05 October 2010

...

He asked me years ago to define the word "Love."  He asked many, in fact.  It was an assignment that I wouldn't hand in on time, I honestly don't think I even handed it in that same semester.  But I do remember writing it.  I remember mulling over and over about it, trying to come up with the perfect thing to say, the 'nail on the head' of writing and defining.  And then, back then, way back then, I thought I got it.  I remember writing something to the extent of "Love is the last money left in your bank account used to buy your significant other a present, something to make them happy, to see their eyes light up."  To me then, back then, way back then, love was about extremes.  The highest highs and lowest lows.  Winter and Summer.  Black and white.

Years gone by, loves gone by.  Love on so many different levels and so many different extremes.  But thats what it takes, doesn't it?  Years.  Extremes.  Experience.  I thought about the specific day he asked us to define that word, that little "L" word, that four letter word with so much meaning and honesty.  Proustian moments somehow find their way to connect me to him and that classroom constantly, a smell, a taste, a sound, a sight, and I'm right back there.  Today it was the distant sky.  The same dark but harmless sky as the day he had assigned the assignment.  Little did I know that 5 years later I would begin to reevaluate my answer.

Now, today, here, right here love is different.  Its no longer an extreme, an up or a down.  Its not the "POP" at the highest point of the firework, nor is it the "BANG" of the bullet leaving the guns barrel.  Its the quiet of the before and after.  Love is what happens when nothing at all happens.  The peaceful altruistic moments we have for one another without even realizing we did so.  Love is when we don't think, but just do.
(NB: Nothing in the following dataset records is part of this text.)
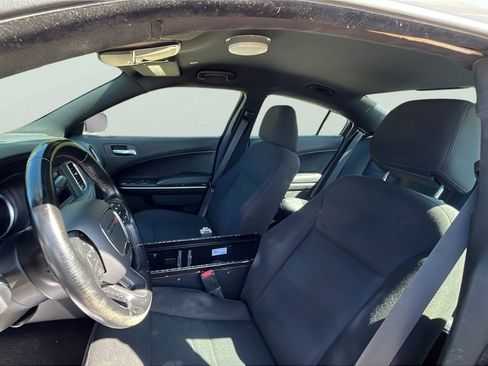 Used 2021 Dodge Charger Police w/ Street Appearance Group AWD/4WD image 14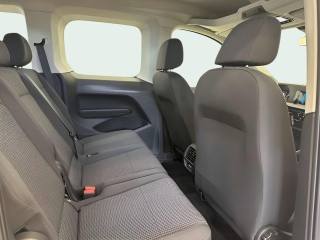 VOLKSWAGEN Caddy usata 35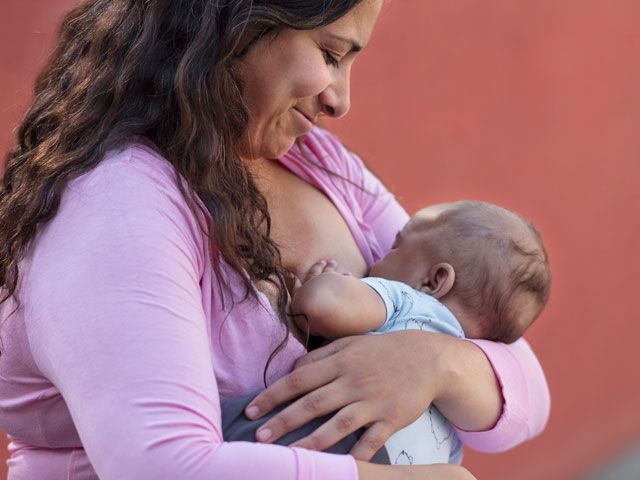 Why Breastfeeding Is Important For Children And Mothers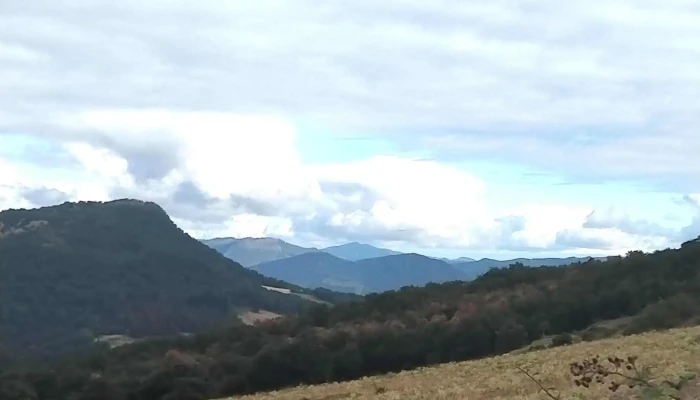 Ermita De Etxaurren -  Fotos - Álava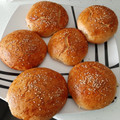 El cooksnap de lola cuando hizo Brioche muy esponjoso y fácil de hacer.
We were walking around the neighborhood [a commonplace for us] I was wearing your sweatshirt.  Oversized just enough to keep me perfectly warm in this cool Fall weather.  I had pushed up the sleeves, about halfway up my forearm, probably so I could talk freely with my hands as I always do.  Mid-conversation you leaned over and pulled the sleeves down past my hands then rolled each one up so that the edge of the sweatshirt just reached my wrist.  We never stopped walking, we never stopped talking, I never said "thank you," I never asked "why."  I didn't need to.  I didn't even realize it occurred until much later.  I'll never know exactly why you did what you did, Im not even sure if you do.  My guess is that somewhere in your head, somewhere in between our playful conversation, and the gorgeous weather of this Fall season, you probably thought I was cold, or uncomfortable, and without thought or words or interruption you did what you did.  That's love.

If he were to ask me today, at this very moment, to define that little word I would only have one thing to say.  One short, precise answer, "Love is an ellipsis."